[Start of section]
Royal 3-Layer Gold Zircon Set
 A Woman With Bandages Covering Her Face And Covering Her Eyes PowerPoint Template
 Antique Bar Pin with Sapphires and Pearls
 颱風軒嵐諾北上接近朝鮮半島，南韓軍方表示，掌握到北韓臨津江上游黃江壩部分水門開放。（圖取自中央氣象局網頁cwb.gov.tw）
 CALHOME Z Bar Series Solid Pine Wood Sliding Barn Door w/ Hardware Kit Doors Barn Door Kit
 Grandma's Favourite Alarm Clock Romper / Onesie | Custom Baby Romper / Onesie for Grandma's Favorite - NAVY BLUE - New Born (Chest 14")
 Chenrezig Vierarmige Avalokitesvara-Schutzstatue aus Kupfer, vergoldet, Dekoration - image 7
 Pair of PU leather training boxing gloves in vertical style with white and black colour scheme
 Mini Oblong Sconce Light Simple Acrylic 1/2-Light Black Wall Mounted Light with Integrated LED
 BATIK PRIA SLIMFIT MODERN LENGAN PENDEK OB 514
[End of section]
## [Requirement]
A verbatim copy of all the records is to be produced.

## [Expected answer]
Royal 3-Layer Gold Zircon Set
 A Woman With Bandages Covering Her Face And Covering Her Eyes PowerPoint Template
 Antique Bar Pin with Sapphires and Pearls
 颱風軒嵐諾北上接近朝鮮半島，南韓軍方表示，掌握到北韓臨津江上游黃江壩部分水門開放。（圖取自中央氣象局網頁cwb.gov.tw）
 CALHOME Z Bar Series Solid Pine Wood Sliding Barn Door w/ Hardware Kit Doors Barn Door Kit
 Grandma's Favourite Alarm Clock Romper / Onesie | Custom Baby Romper / Onesie for Grandma's Favorite - NAVY BLUE - New Born (Chest 14")
 Chenrezig Vierarmige Avalokitesvara-Schutzstatue aus Kupfer, vergoldet, Dekoration - image 7
 Pair of PU leather training boxing gloves in vertical style with white and black colour scheme
 Mini Oblong Sconce Light Simple Acrylic 1/2-Light Black Wall Mounted Light with Integrated LED
 BATIK PRIA SLIMFIT MODERN LENGAN PENDEK OB 514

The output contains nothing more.